Avendo svolto un ruolo diretto nella gestione della sanatoria del 2012, quella che viene presa a modello, posso confermare l’inconsistenza di questi presupposti. Nei tempi previsti dalla normativa vennero presentate 134 mila domande di regolarizzazione, tra le quali l’80% riguardante i rapporti di lavoro domestico per lavoratori maschi provenienti da comunità di origine (pakistana, egiziana, marocchina, indiana..), che non si sono mai caratterizzate nella qualità di colf e badanti (solo l’11% delle domande riguardava donne ucraine, moldave e filippine). Circa il 40% delle richieste di assunzione venne presentato da datori di lavoro stranieri delle medesime comunità di origine dei lavoratori regolarizzati: la conferma che le sanatorie generano un effetto di attrazione di nuovi immigrati assai più della regolarizzazione di quelli esistenti.

Nei dati disponibili presso l’Inps si riscontra nel 2012-2013 un aumento del numero degli iscritti presso il fondo dei lavoratori domestici, di circa 100 mila unità, prevalentemente maschi, puntualmente scomparsi nell’anno successivo. La gestione delle pratiche fu caratterizzata da numerosi interventi del ministero dell’Interno, sollecitati dalle organizzazioni della accoglienza e dai sindacati, rivolti ad annacquare i criteri di verifica dei requisiti, e da numerose indagini delle attività ispettive e giudiziarie volte ad accertare le manipolazioni illegali dei requisiti richiesti effettuate da organizzazioni che gestivano i flussi di persone dai Paesi di origine.

Del tutto superfluo evidenziare come le stime degli introiti per contributi e tasse derivanti dalle sanatorie, e in particolare quella del 2012, si siano rivelate prive di fondamento, data la provvisorietà delle iscrizioni al fondo e all’evidenza che la stragrande dei salari dichiarati per le lavoratrici/tori del settore domestico si mantiene al di sotto della no tax area.

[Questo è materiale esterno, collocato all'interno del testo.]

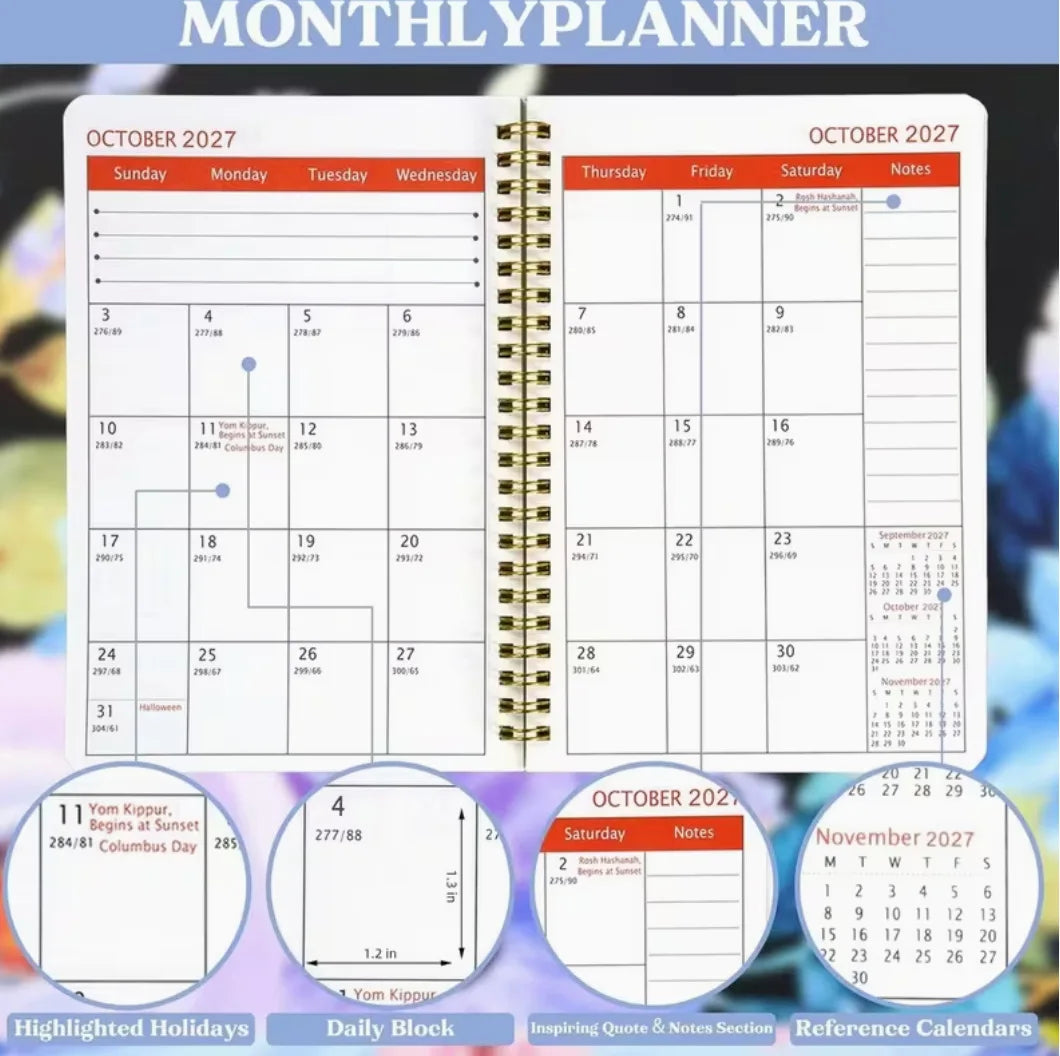 2026-2030 Monthly Planner 5-Year Academic Diary Spiral Bound Book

Riflessione finale. I numeri dimostrano che nessuno dei presupposti che orientano all’introduzione di una sanatoria si dimostra fondato. Diversamente un provvedimento di questo tipo produrrebbe l’effetto di aggravare le condizioni delle persone più deboli nel mercato del lavoro, e per buona parte dei lavoratori immigrati regolarmente residenti. Che tali scelte siano pilotate da settori politici e sociali tradizionalmente sostenitori degli immigrati è abbastanza paradossale. Ma trova una spiegazione nell’identificazione delle politiche dell’immigrazione con quelle dell’accoglienza, che rappresenta un aspetto fondamentale per l’integrazione degli immigrati, ma che non può mai prescindere da quello della sostenibilità, a partire dalla realistica valutazione delle condizioni del mercato del lavoro.